Leçons de l'histoire

1) Une citation de Paul Valéry

L'histoire est le produit le plus dangereux que la chimie de l'intellect ait élaboré…  Il fait rêver, il enivre les peuples, leur engendre de faux souvenirs, exagère leurs réflexes, entretient leurs vieilles plaies, les tourmente dans leur repos, les conduit au délire des grandeurs ou à celui de la persécution, et rend les nations amères, superbes, insupportables et vaines. L'Histoire justifie tout ce que l'on veut. Elle n'enseigne rigoureusement  rien, car elle contient tout, et donne des exemples de tout. Que de livres furent écrits qui se nommaient: "la Leçon de ceci, les Enseignements de cela!…" Rien de plus ridicule à lire après les événements, que ces livres interprétaient dans le sens de l'avenir.  

Paul Valéry: Regards sur le monde actuel et autres essais, Gallimard Folios Essais 1990 p.35.

2) De la  Revue des deux Mondes  au Monde d'aujourd'hui

Dans  la Revue des Deux Mondes de 1894, on lit un article  d'un éminent expert qui  soutient,   par delà l'alliance franco-russe, la thèse selon laquelle le système des confédérations antagonistes ("Triple Entente" contre "Triple Alliance" , etc.) est "la plus sûre garantie de la paix", puisque "chacune des nations qui se concerte s'accoutume à accepter l'opinion des autres", et que "plus il y a d'alliés, plus il est difficile qu'ils s'accordent pour vouloir la guerre pour une même cause et au même moment".
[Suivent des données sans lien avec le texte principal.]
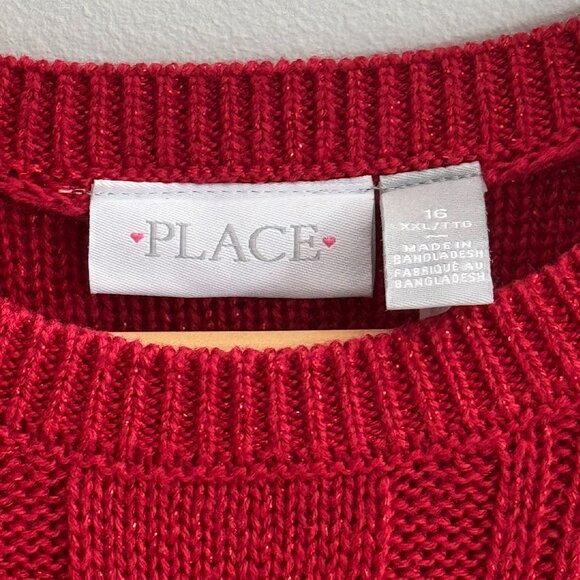 The Children’s Place Girls Cable Knit Ruffle Sweater Dress, Classic Red, XXL(16) - Picture 7 of 8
Expérience faite, on n'oserait peut-être  plus défendre cette thèse aujourd'hui. Mais dans une histoire récente de la Guerre 14-18, parue dans le Monde, on apprend que l'échec de l'offensive de Lüdendorff en 1917 était "facile à prévoir", etc. 

On en revient  toujours à la fameuse explication  (épinglée par Flaubert) de l'issue malheureuse de la guerre de 1870 : "Pas étonnant qu'on l'ait perdue, la France n'était pas prête!"


Staline

3) Joseph Staline (ci-contre) : un petit souvenir de ma classe de Terminale (1948-1949 au Lycée du Parc à Lyon), cueilli dans le manuel: 

Emile Tersen (Professeur agrégé au Lycée Louis-Le Grand): Histoire Contemporaine: 1848-1939, Paris, Delagrave, page 721.

Mon prof  d'histoire était le jeune Jean Bouvier, alors dans toute son ardente foi communiste - il faisait ses cours revêtu de la blouse prolétarienne- et  déjà féru d'histoire quantitative: les crises cycliques, le krach de l'Union Générale,  etc..

4) Anecdote. A l'époque, le marxisme était fort à la mode. Je me jetai sur  l'ouvrage d'Henri Lefebvre  (dans la collection "Que sais-je?: le point des connaissances actuelles"), un plaidoyer élégant et persuasif.

Hélas! Je tombai sur    l'affirmation suivante: "Le projet de dépasser le  marxisme  n'a peut-être pas beaucoup de sens ni beaucoup d'avenir, parce que le marxisme est la conception du monde qui se dépasse elle-même [souligné par l'auteur]". Une pareille exagération me détourna définitivement de toute tentation. I have never been the member of any marxist party. Merci , Henri Lefebvre!